FIG. 7 is a modification of the second embodiment, in which two pairs of pulley combinations 72, 74 are depicted. The angle formed by the combination 72, 74 of these two pairs of pulleys is configured to intersect at an angle of approximately 90 degrees when projected onto a horizontal plane, and the distance between the suspension ropes 20, 22 may be taken larger than the structure shown in FIG. 5.

In the elevator system of each embodiment, by using the under-car pulleys, it is possible to have a structure in which each car is suspended from the lower part of the car as a pair. It is also possible to install the under-car pulley at a predetermined angle by providing a fixing member such as a groove or a bolt in the lower part of the car in a predetermined direction and installing the under-car pulley for each frame in that direction. It is also possible to adjust the angle after attaching the frame holding the pair of under-car pulleys to the center of the bottom of the car.

In the elevator system of each of the above-described embodiments, two cars are configured so as to prevent interference between suspension ropes, but the system can also be applied to three or more cars, and can be used for high-rise buildings. This is particularly advantageous in terms of transport efficiency per occupied area when constructing an elevator system. In addition, although an example in which the counterweight side is hung side by side in the vertical direction has been described, even in a structure in which the position in the horizontal direction is originally shifted, interference between the suspension ropes of two or more cars can be prevented.

Claims

1-5. (canceled)

6. An elevator system, in which first and second elevator cars are arranged in a single elevator hoistway, the elevator system comprising: a pair of under-car pulleys positioned on the lower portions of the first and second elevator cars, respectively, configured to turn ropes vertically on the outer sides of the first and second elevator cars and horizontally on the bottom of the first and second elevator cars, and the arrangement direction of the under-car pulley pair of the first elevator car intersects the arrangement direction of the under-car pulley pair of the second elevator car when projected onto a horizontal plane.
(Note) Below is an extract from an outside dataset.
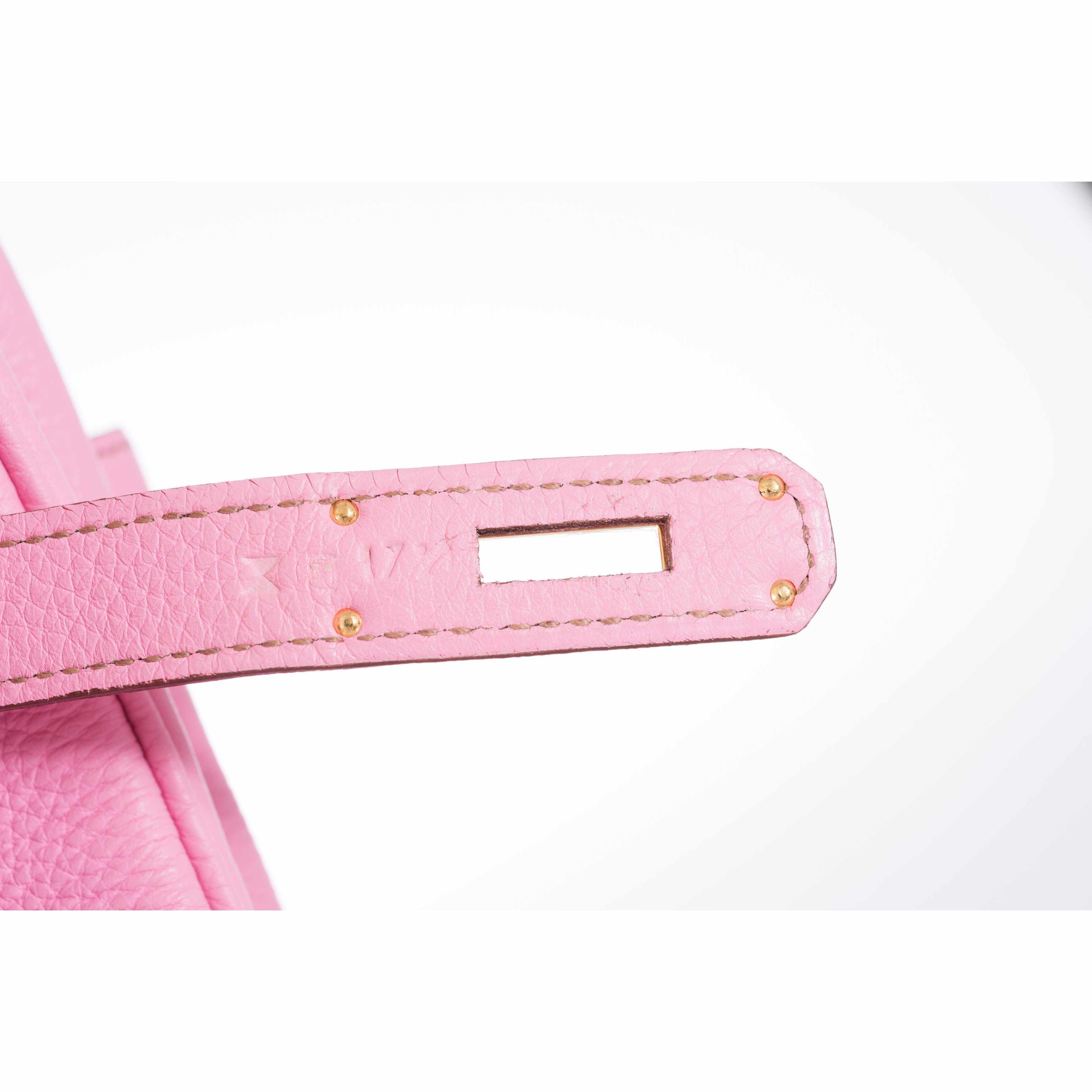Hermès Birkin 35 Bubblegum 5P Pink Gold Hardware • Investment Bag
7. The elevator system according to claim 6, wherein said first and second elevator cars are guided along a pair of main rails extending along said elevator hoistway, wherein the under-car pulley of the first elevator car winds a rope extending on either one of the left and right sides of the main rail when viewed from the center of each car, and wherein the under-car pulley of the second elevator car winds a rope extending on the other one of the left and right sides of the main rail as viewed from the center of each car.

8. The elevator system according to claim 6, wherein the pair of main rails is arranged in an angular direction that is a half of the angle of the arrangement direction in which the pairs of under-car pulleys intersect with each other.

9. The elevator system of claim 6, wherein said first and second elevator cars are independently operated and are of the same size.

10. The elevator system according to claim 6, wherein the axial directions of the pulleys attached to the counterweights that balance the first and second elevator cars also intersect when projected onto the horizontal plane.